Verifiable alternative sources of income may be Social Security benefits, Supplemental Security Income, unemployment insurance, child-support payments, veteran benefits, short term rental assistance, and other support programs. Rejecting applicants who have such sources of income is illegal. However, the Ordinance states that nothing in the Ordinance shall be interpreted to prohibit any person from making a choice among applicants on the basis of factors other than those noted above.

Rent Subsidy

The landlord must cooperate with applicants or current tenants to complete and submit information and documentation required for eligibility or receipt of rental assistance from Section 8 or another rental subsidy.

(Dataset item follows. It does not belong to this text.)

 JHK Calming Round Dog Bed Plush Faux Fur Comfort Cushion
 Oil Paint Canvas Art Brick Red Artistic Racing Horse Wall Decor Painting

It is an unfair practice for a landlord to apply an income screening criterion, such as an income to rent ratio, in a manner inconsistent with:

  • any payment from Section 8 or other subsidy program that reduces the amount of rent for which the tenant is responsible must be subtracted from the total of the monthly rent and
  • all sources of income must be included as part of the tenant’s total income.

This means that a landlord may only consider the tenant’s portion of the rent for income-based eligibility screening. Rent subsidies are reductions in monthly rent and are not considered income.

A landlord must accept a written pledge by a Section 8 or other subsidy program to pay for past due or current housing costs and court costs or reasonable attorney’s fees already incurred and directly related to recovery of unpaid housing costs lawfully owed under all of the following conditions:

  • by itself or in combination with: other payments from a Section 8 or other subsidy program and any verifiable source of income including but not limited to wages, salaries or other compensation for employment and all alternative sources of income, the written pledge is sufficient to allow the tenant to become current on all housing costs and court costs or reasonable attorney’s fees already incurred and directly related to recovery of unpaid housing costs lawfully owed once the pledge is fulfilled,
  • the written pledge is received by the landlord at any time prior to
    • issuance of a notice served to pay or vacate,
    • end of time period allowed for compliance in notice served to pay or vacate,
  • The written pledge does not commit the landlord to any conditions, including any agreement not to pursue future unlawful detainer actions except those requiring the landlord to provide timely information necessary for payment, and
  • Section 8 or other subsidy program provider commits to paying written pledge within five business days of issuance of written pledge. Where possible payment should be made directly from Section 8 or other subsidy provider to the landlord.

Preferred Employer Program

It is an unfair practice to advertise, institute, or maintain a preferred employer program. A preferred employer program is a policy or practice in which a landlord provides different terms and conditions including but not limited to discounts or waivers of fees or deposits because the applicant is employed by a specific employer. Any existing employer program that is part of an unexpired rental agreement may continue until the occupant vacates the unit and the rental agreement is terminated.